In queste parole, così attuali, sembra emergere anche lo scontro in atto tra le due aree d'Europa, laddove i paesi mediterranei vengono additati d'essere pigri e restii al lavoro, Goethe con la sua cultura ne trae una vera e propria lezione di antropologia. Egli poi aggiunge:

Fra l'altro, il paradosso che ho azzardato poco fa si presterebbe a varie riflessioni per chi volesse tentar di dare un quadro esauriente di Napoli; impresa che comunque richiederebbe notevoli capacità e alcuni anni d'indagine. Si giungerebbe forse allora a concludere che il cosiddetto lazzarone non è per nulla più infingardo delle altre classi, ma altresì a constatare che tutti, in un certo senso, non lavorano semplicemente per vivere ma piuttosto per godere, e anche quando lavorano vogliono vivere in allegria. Questo spiega molte cose: il fatto che il lavoro manuale nel Sud sia quasi sempre assai più arretrato in confronto al Nord; che le fabbriche scarseggino; che, se si eccettuano avvocati e medici, si trovi poca istruzione in rapporto al gran numero d'abitanti, malgrado gli sforzi compiuti in singoli campi da uomini benemeriti; che nessun pittore napoletano sia mai diventato un caposcuola né sia salito a grandezza; che gli ecclesiastici si adagino con sommo piacere nell'ozio e anche i nobili amino profondere i loro averi soprattutto nei piaceri, nello sfarzo e nella dissipazione.

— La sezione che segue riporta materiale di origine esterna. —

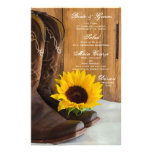 Menu de mariage de tournesol de pays papier à lettre customisable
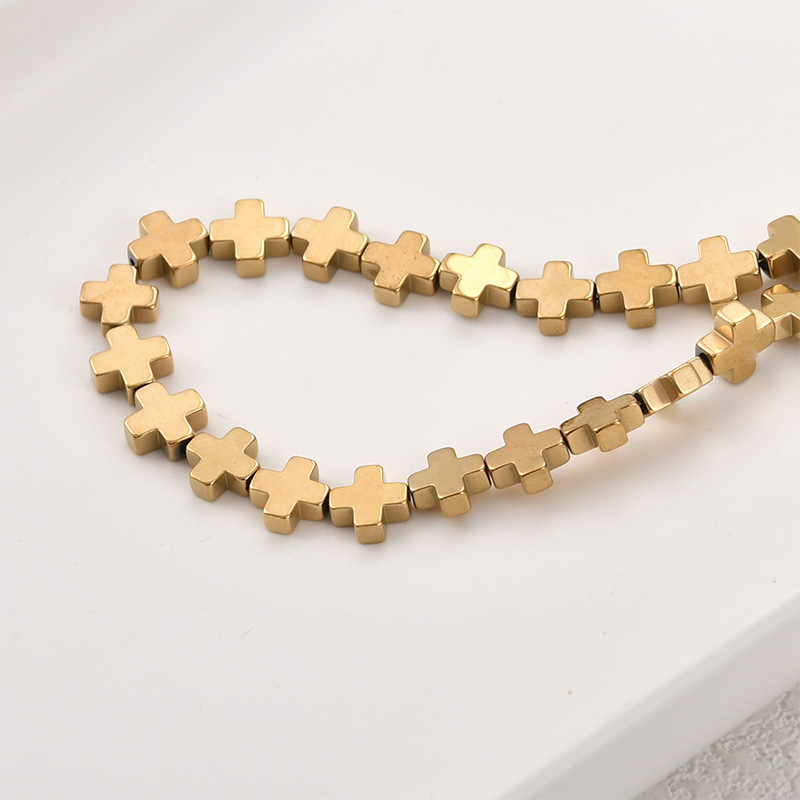 Black gallstone plated with real gold, color-retaining starburst shell rose spacer beads, DIY handmade beaded bracelet and necklace accessories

So bene che il mio discorso è un po' troppo generico, e che non è possibile tracciare nitidamente le caratteristiche di ciascuna classe, se non dopo precisa cognizione ed osservazione; ma a grandi linee sarebbero questi, credo, i risultati a cui si approderebbe.
Per riprendere l'argomento del popolino napoletano, si nota in esso il medesimo tratto che nei ragazzi vivaci: ossia, se gli si dà da fare un lavoro non si tirano indietro, ma trovano ogni volta il modo di scherzare su ciò che fanno. Questa specie umana è permeata d'uno spirito sempre sveglio e sa guardare alle cose con occhio libero e giusto. Il suo linguaggio dev'essere figurato, il suo umorismo arguto e mordace.

In queste parole così argute, Goethe coglie il senso stesso delle prospettive con cui viene interpretata la vita e la società nel sud d'Europa rispetto a quella del nord. Ed è in queste due prospettive che si comprende meglio lo spirito vero, il più delle volte frainteso e superficialmente denigrato di come la storia millenaria e il territorio influiscano sullo sviluppo dei popoli.